_ABOUT THIS EXERCISE_
The entries below should be given again exactly, minus their pictures.

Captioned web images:
[Start of Attachment]
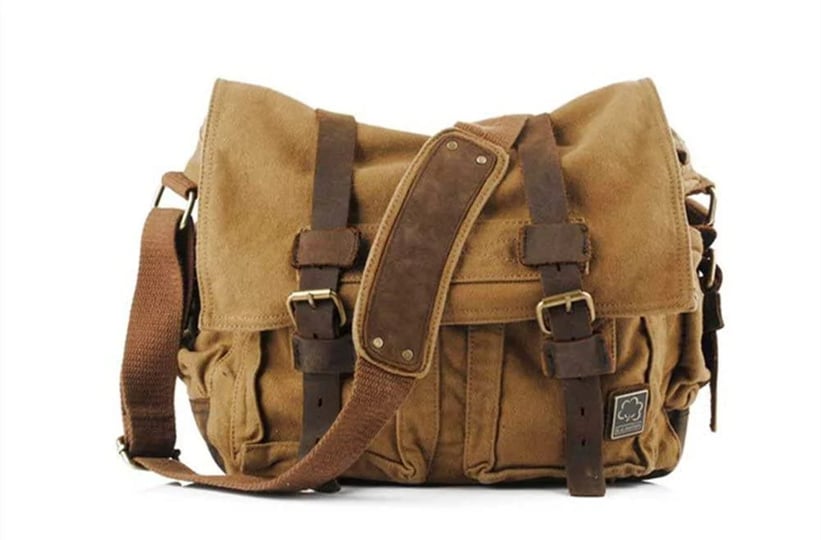 sechunk-vintage-military-leather-canvas-laptop-bag-messenger-bags-large-1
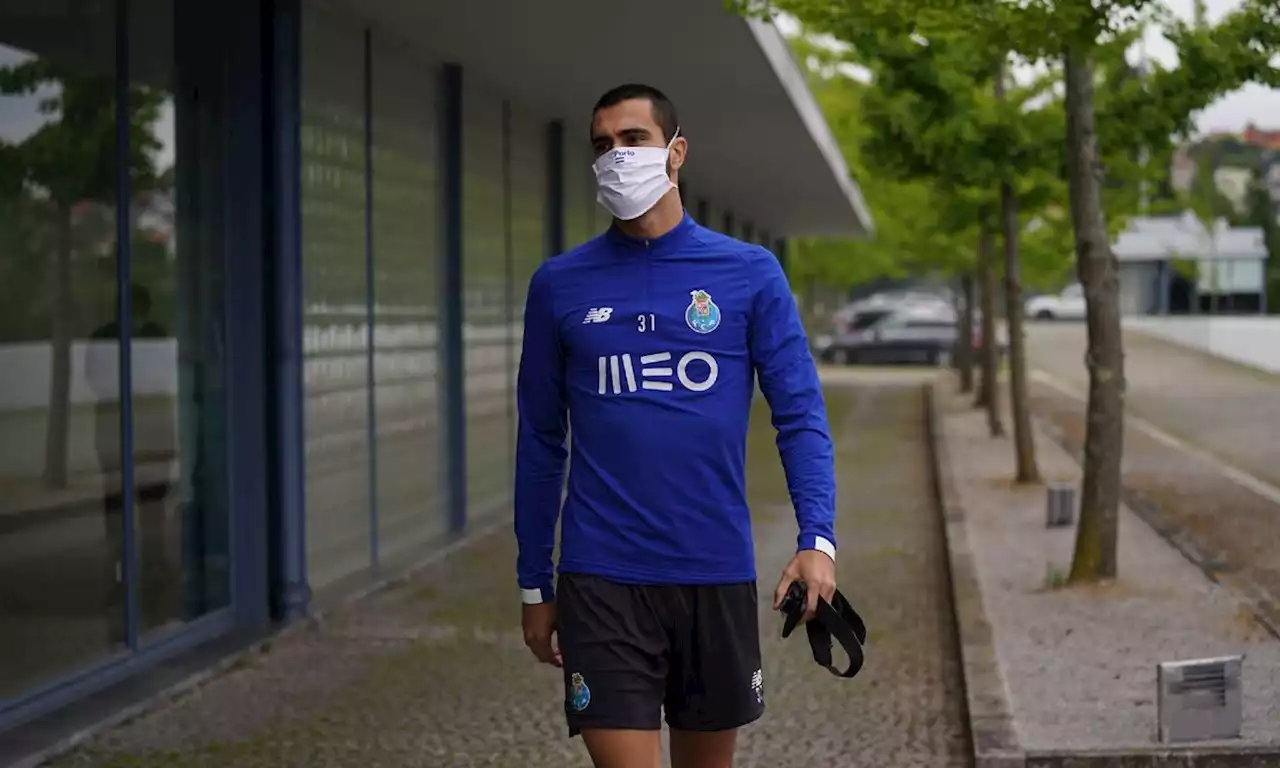 FC Porto arrancou preparação para o clássico com Diogo Costa no ginásio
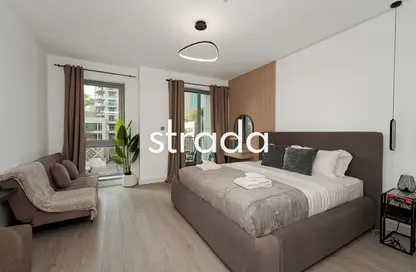 Apartment - Studio - 1 Bathroom for rent in Standpoint Tower 2 - Standpoint Towers - Downtown Dubai - Dubai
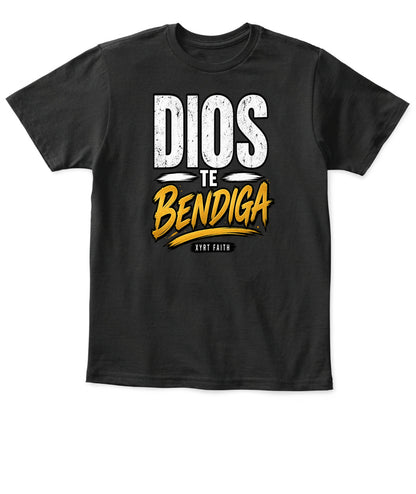 DIOS TE BENDIGA Kids Faith T-Shirt | XYRT Apparel
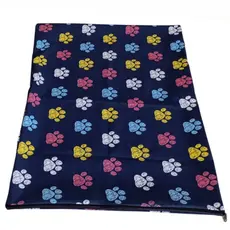 capa de colchão pet 60x80cm capa para colchonete com zíper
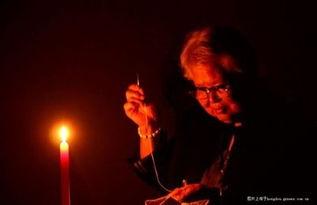 烛光里的妈妈,温情岁月里的母爱颂歌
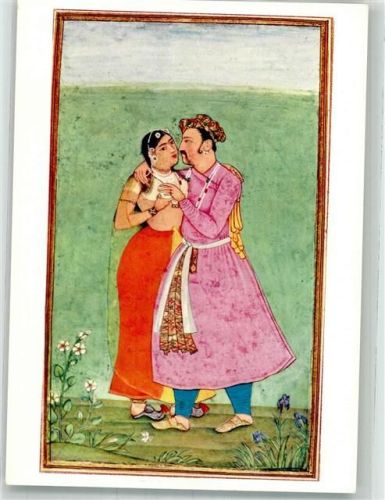 Ausstellung Museum indische Miniatur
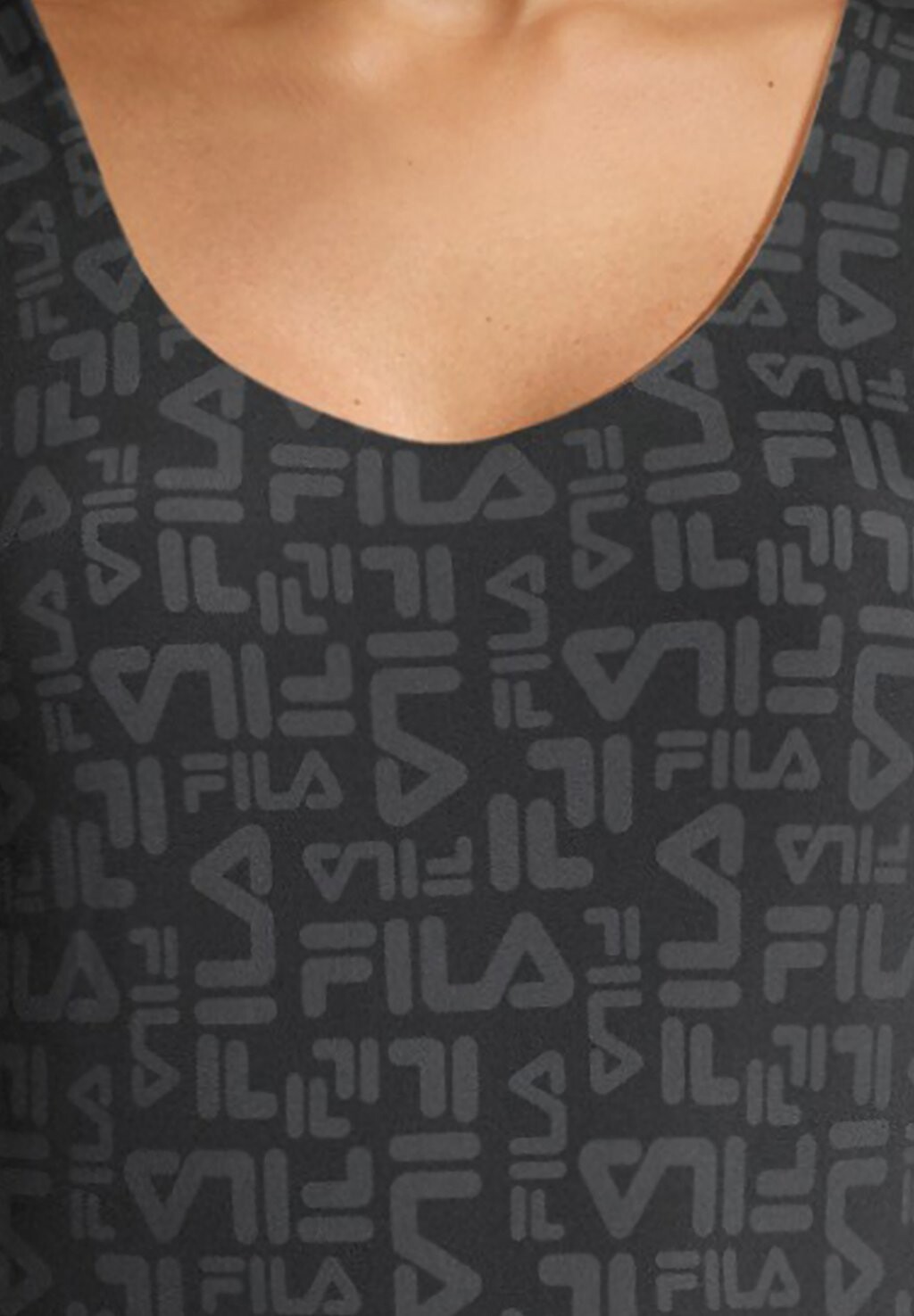 

Купальник APPAREL SARANDI Fila, черный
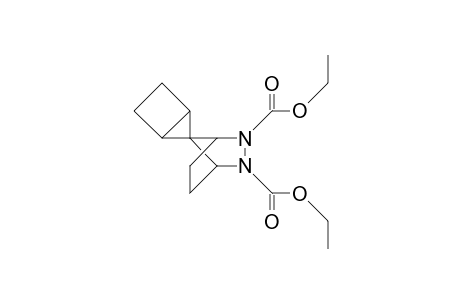 2,3-Bis(ethoxycarbonyl)-2,3-diaza-bicyclo(2.2.1)heptane-7,5'-spiro-bicyclo(2.1.0)pentane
[End of Attachment]
_ANSWER TO THE EXERCISE_
 sechunk-vintage-military-leather-canvas-laptop-bag-messenger-bags-large-1
 FC Porto arrancou preparação para o clássico com Diogo Costa no ginásio
 Apartment - Studio - 1 Bathroom for rent in Standpoint Tower 2 - Standpoint Towers - Downtown Dubai - Dubai
 DIOS TE BENDIGA Kids Faith T-Shirt | XYRT Apparel
 capa de colchão pet 60x80cm capa para colchonete com zíper
 烛光里的妈妈,温情岁月里的母爱颂歌
 Ausstellung Museum indische Miniatur

Купальник APPAREL SARANDI Fila, черный
 2,3-Bis(ethoxycarbonyl)-2,3-diaza-bicyclo(2.2.1)heptane-7,5'-spiro-bicyclo(2.1.0)pentane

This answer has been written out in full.